Why if the "True Error" equals $0$ i.e. $L_{(\mathcal{D}, f)}(h^{*}) = 0$ then the "Training Error" equals $0$ i.e. $ L_{S}(h^{*}) = 0$?

16 Views Asked by At

I have read this question and I am confused by a part of the first answer, even though it is asked in the comments.

I don't understand why $$L_{(\mathcal{D}, f)}(h^{*}) = 0 \implies L_{S}(h^{*}) = 0$$

Why if the "True Error" equal to $0$ i.e. $L_{(\mathcal{D}, f)}(h^{*}) = 0$ then it's implied that the "Training Error" is also equal to $0$ i.e. $ L_{S}(h^{*}) = 0$?

Also, I would like to clarify my understanding of $\mathcal{D}$.

My understanding of $\mathcal{D}$ is that it's some probability distribution of the input data $\mathcal{X}$ (as stated in the book).

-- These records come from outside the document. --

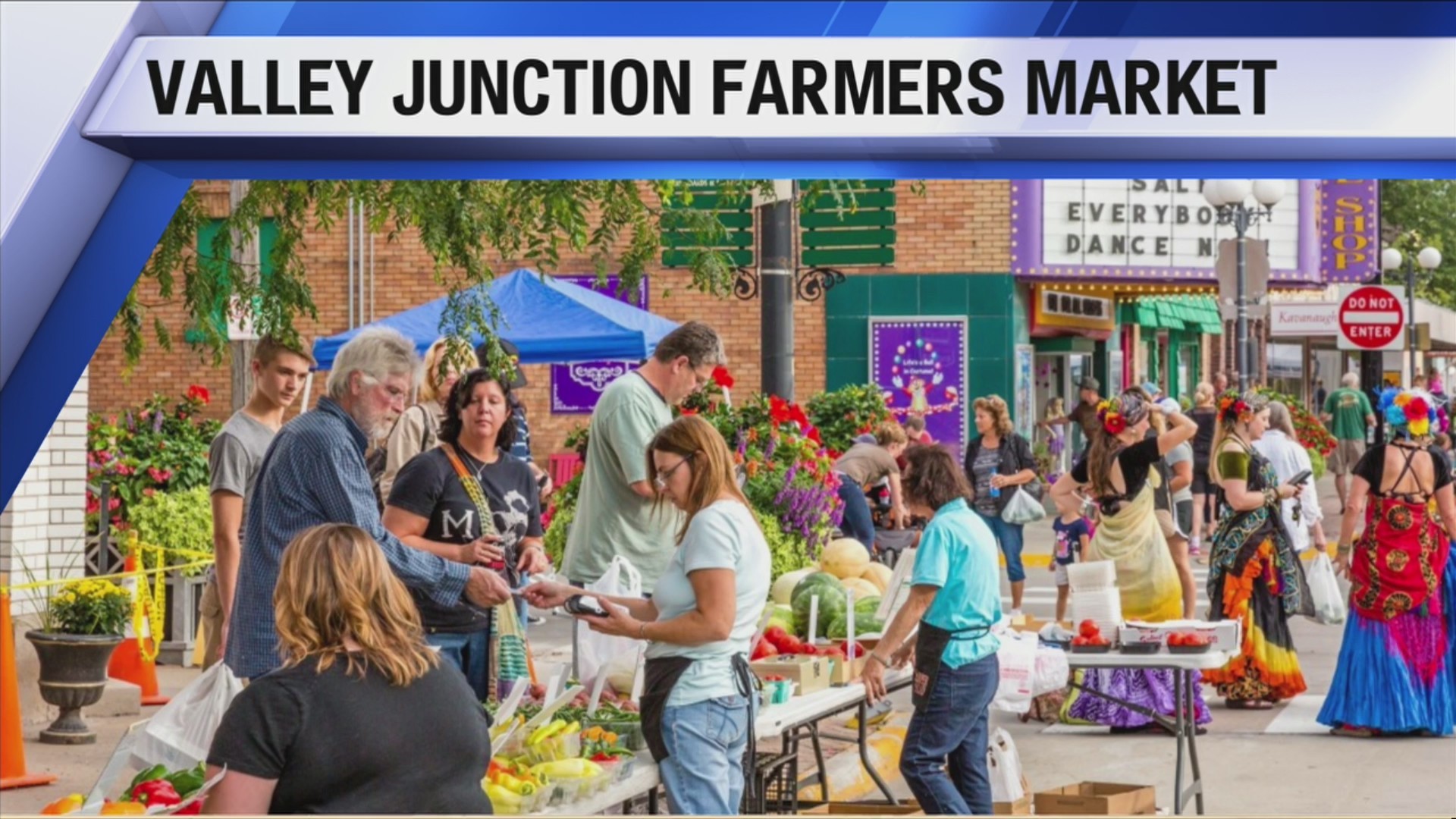 Valley Junction Farmers’ Market opens this Thursday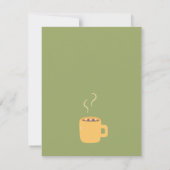 Bonfire Camp out Kids Birthday Party Kaart (Achterkant)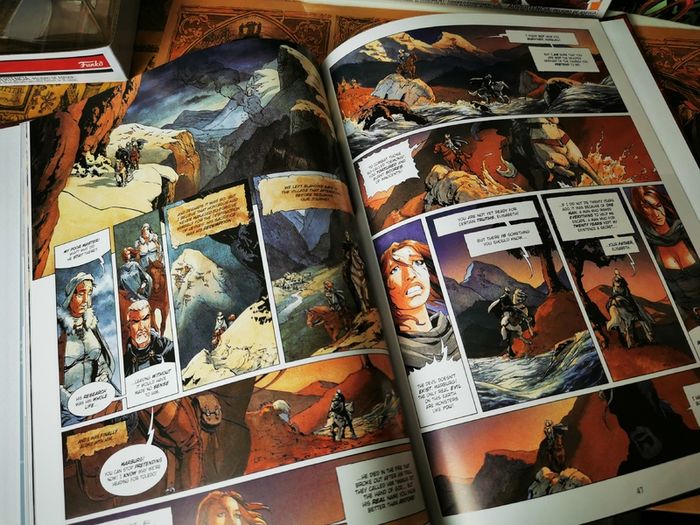 The Third Testament ! 4 Books ! Complete Story ! Hardcover ! 2014 ! by Titan Books !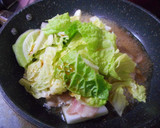 お弁当に♪　白菜と豚肉の和風炒め作り方5写真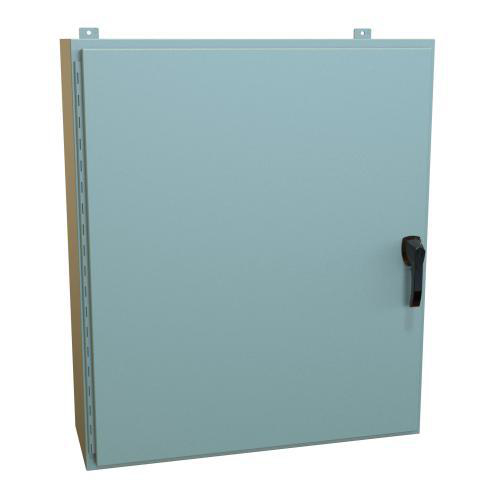 Product image for N4,12 ENCL 42X36X12 STEEL/GRA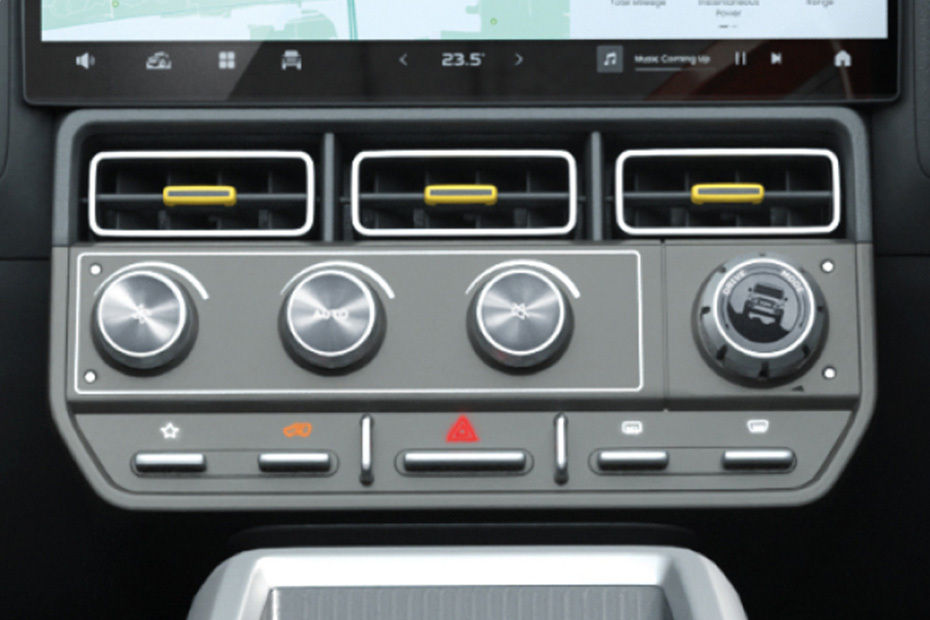 iCAR V23 Front Ac Controls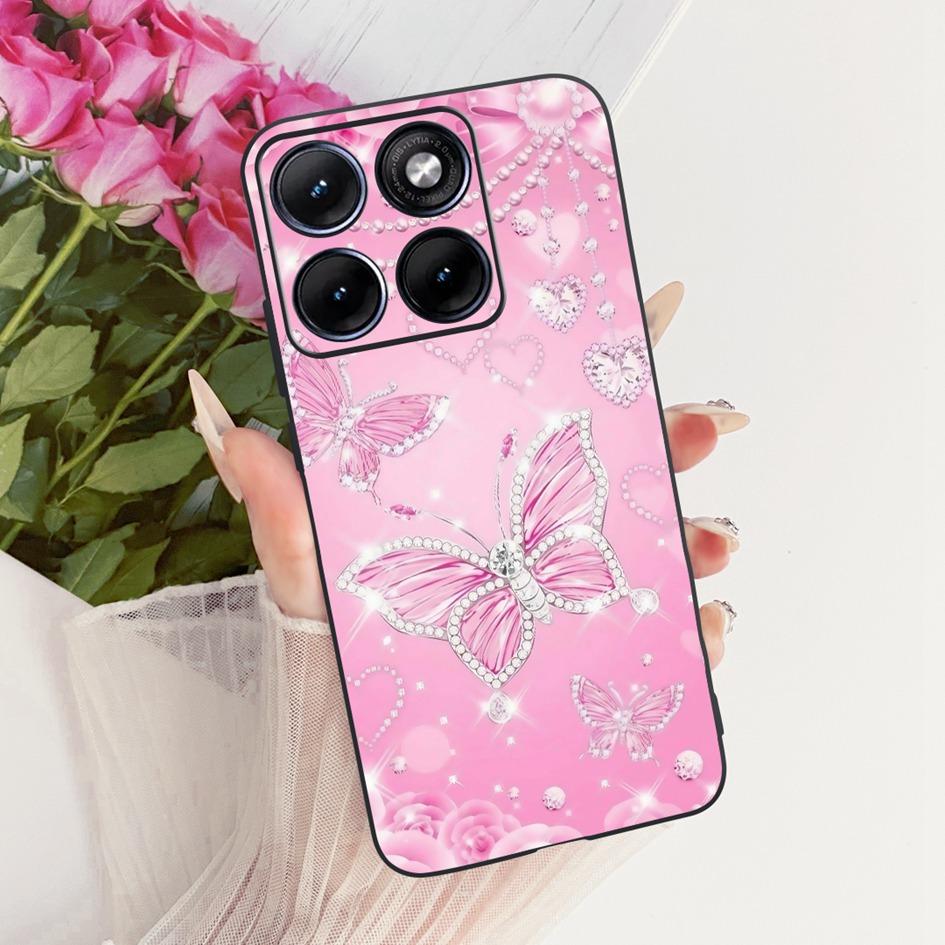 For Motorola Edge 70 Fusion 2026 Case XT2605-1 Cover Popular Cartoon Pattern Soft Silicone Phone Cases For Edge 70 Fusion+ Shell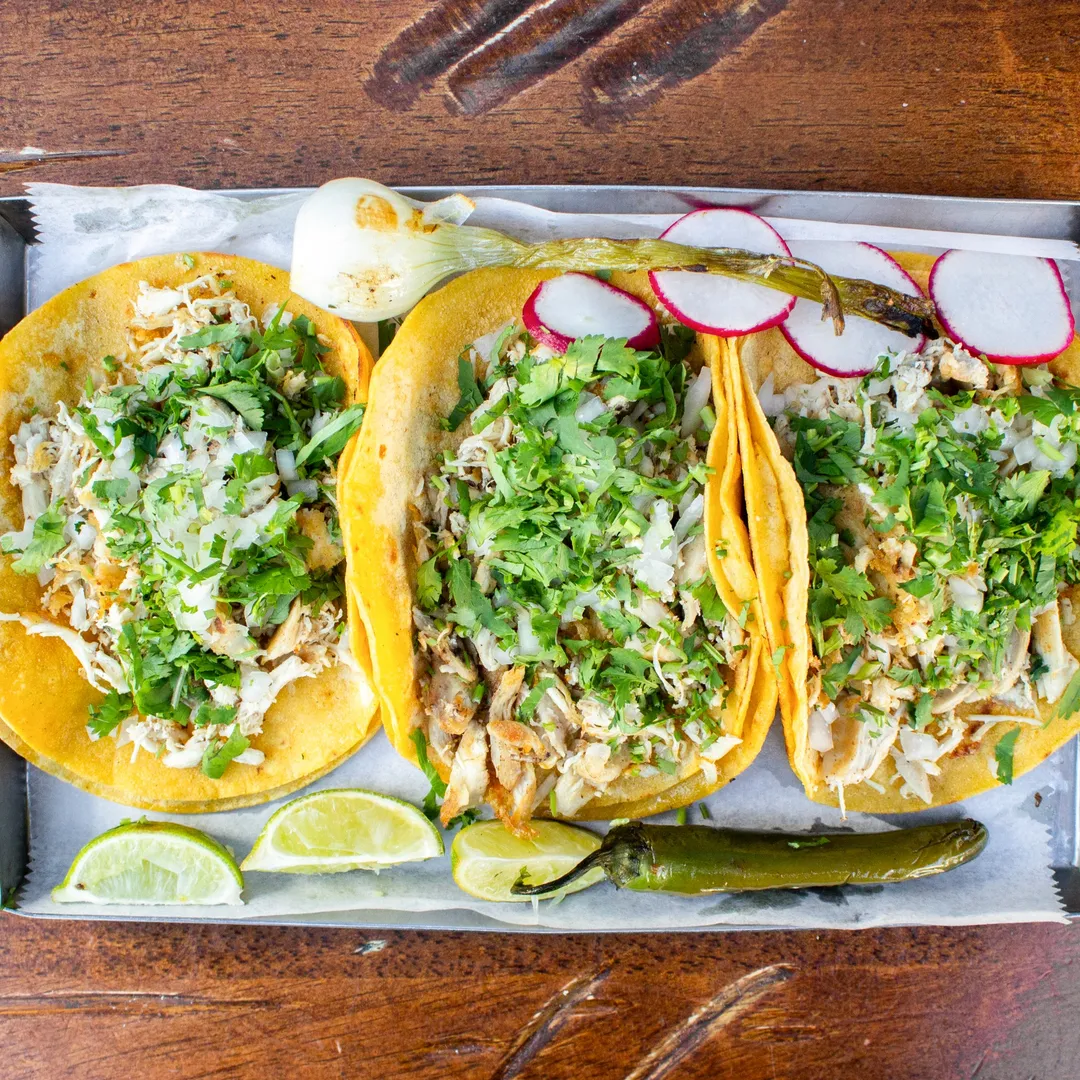 tacos platter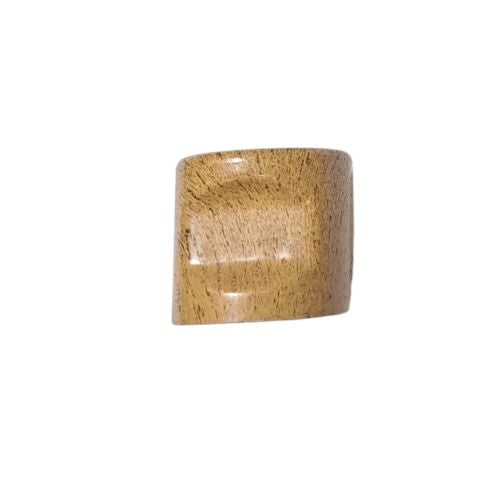 3055 White Oak Plastic Knob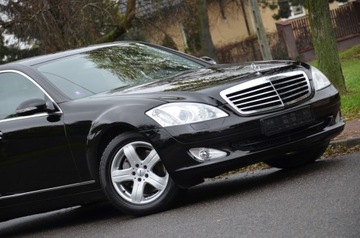 Mercedes Klasa S W221 Limuzyna 3.0 V6 (320 CDI) 235KM 2008 STAN IDEALNY SERIO 320 CDI SERWIS SKÓRA KAMERA XENON NAVI PAMIĘCI G.FOTE, zdjęcie 15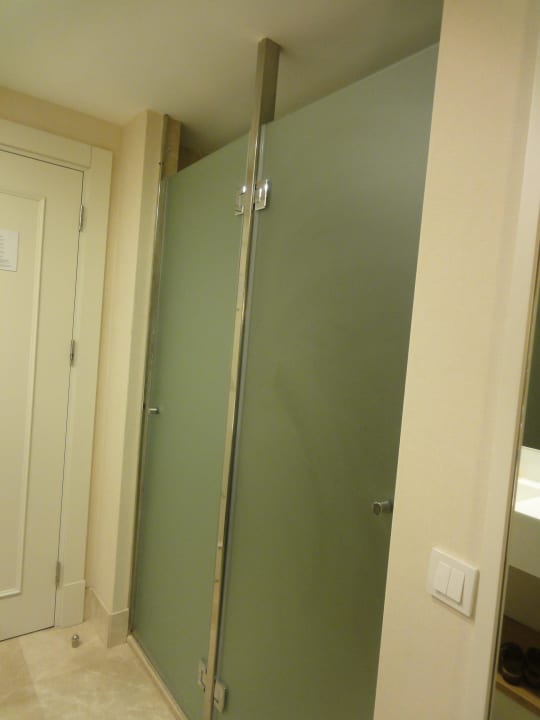 Leider keine geschlossene WC Tür Sentido Trendy Verbena Beach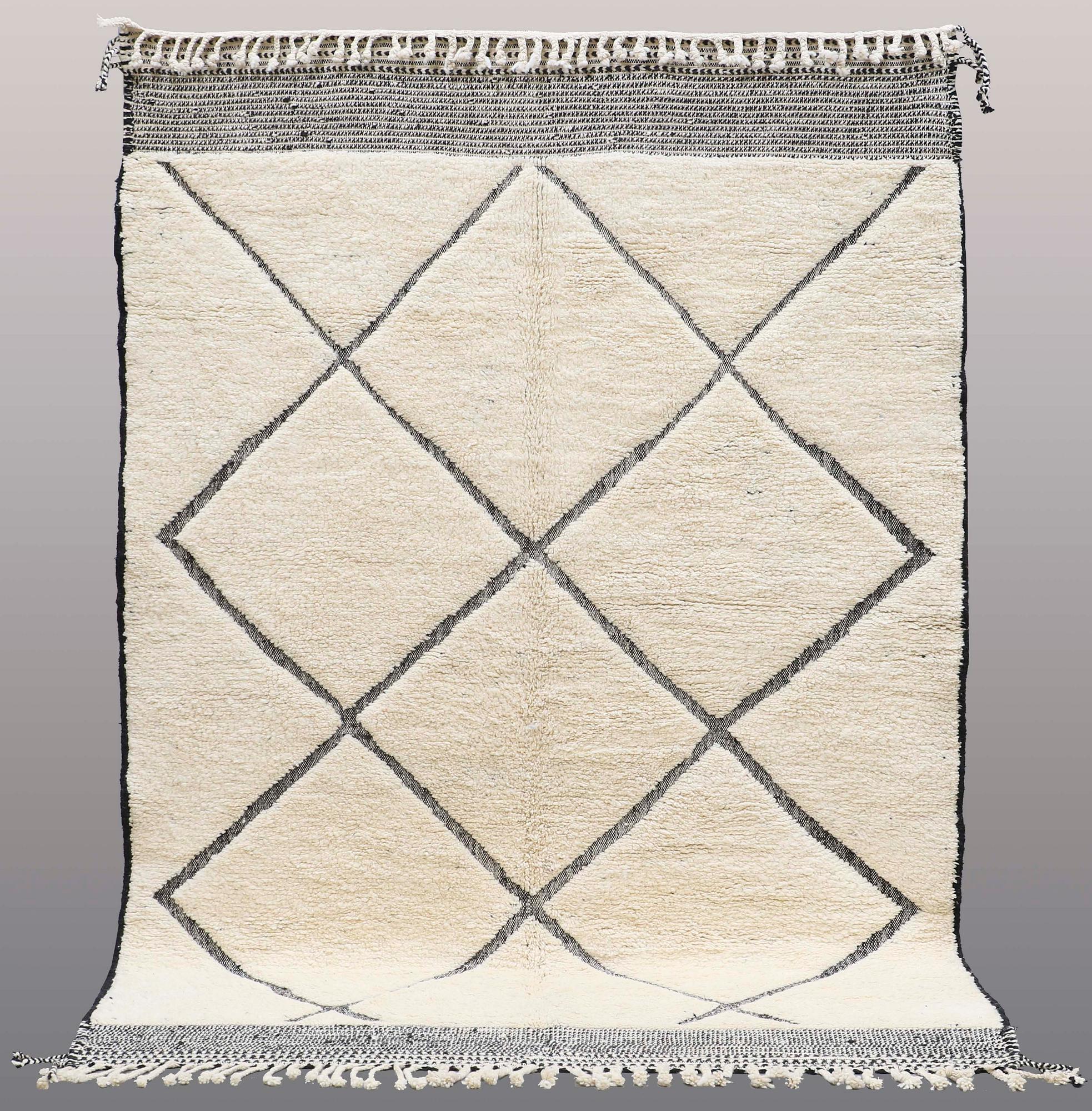 A RUNNER, Morocco, ca 303 x 213 cm.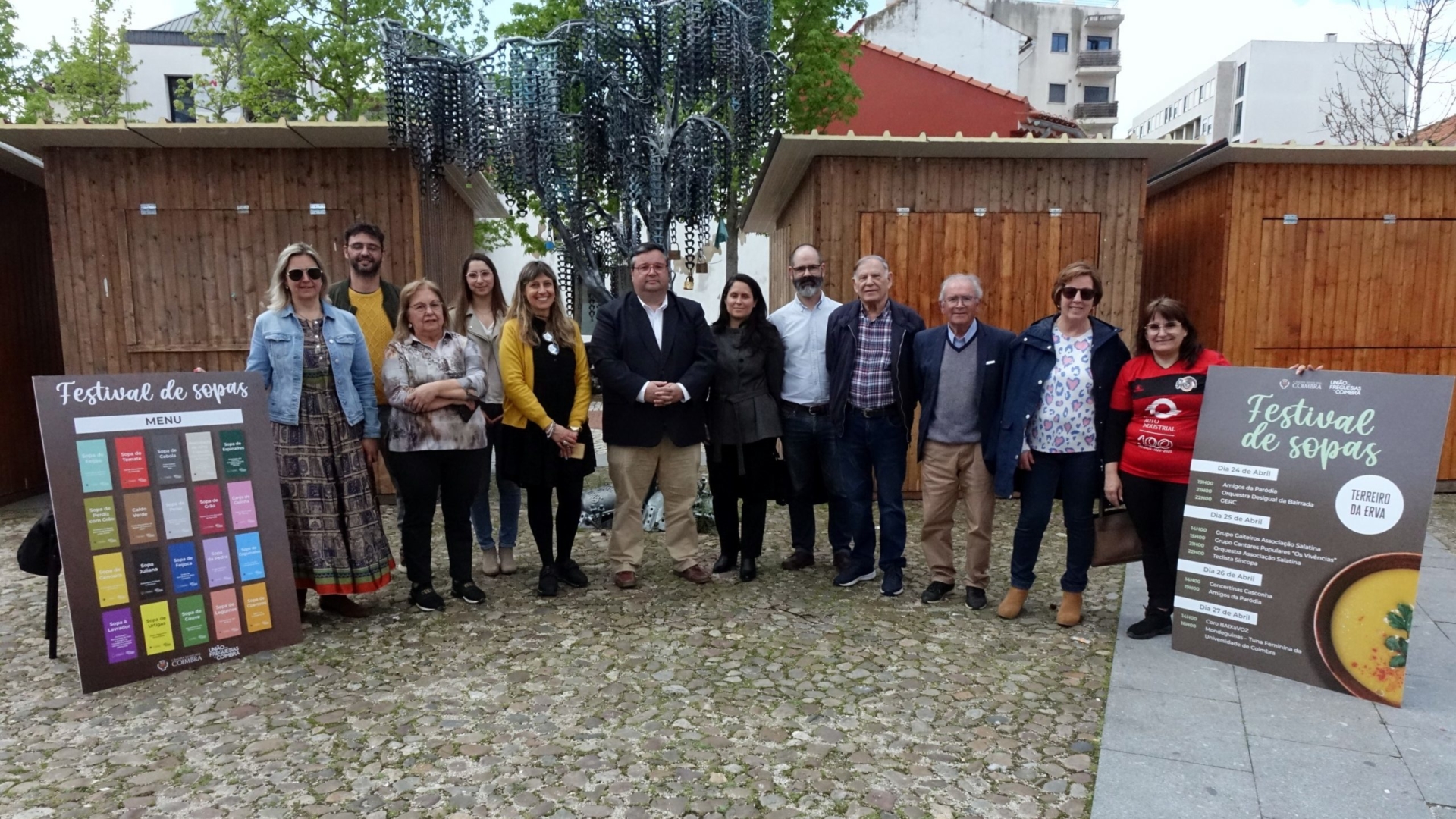 Festival de Sopas no Terreiro da Erva de 24 a 27 de abril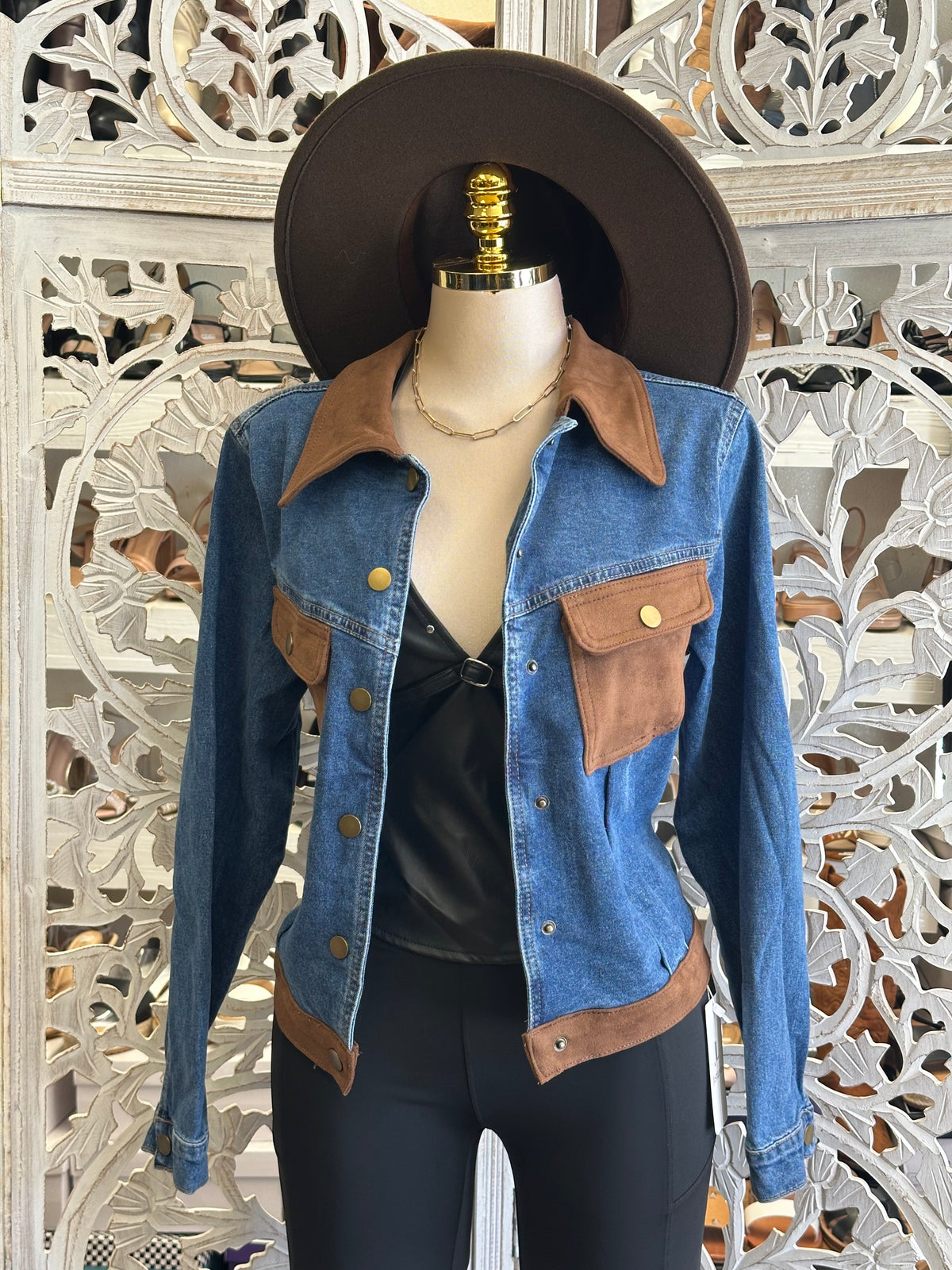 Block Western Shacket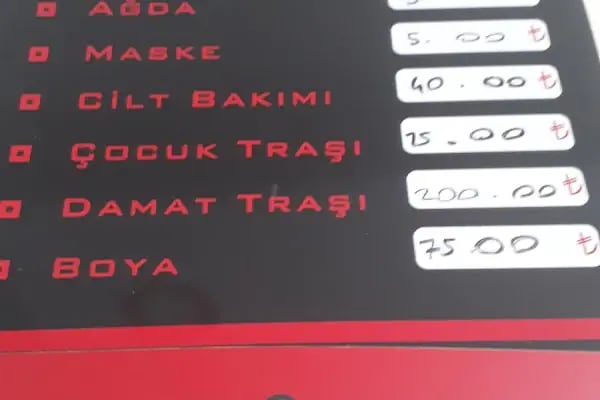 Asil erkek kuaförü - Resim 6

For example, let $\mathcal{X}=\{x_1,x_2,x_3\}$ and $\mathcal{Y}=\{0,1\}$. Let $f(x_i)=1$ if $x\geq 0$ and $0$ otherwise. Then let $\mathcal{D}$ be such that $P(x_1\geq 0)=1/2, P(x_2\geq 0)=1/3, P(x_3 \geq 0)=1/4$. Is this a reasonable example of how to interpret $\mathcal{D}$?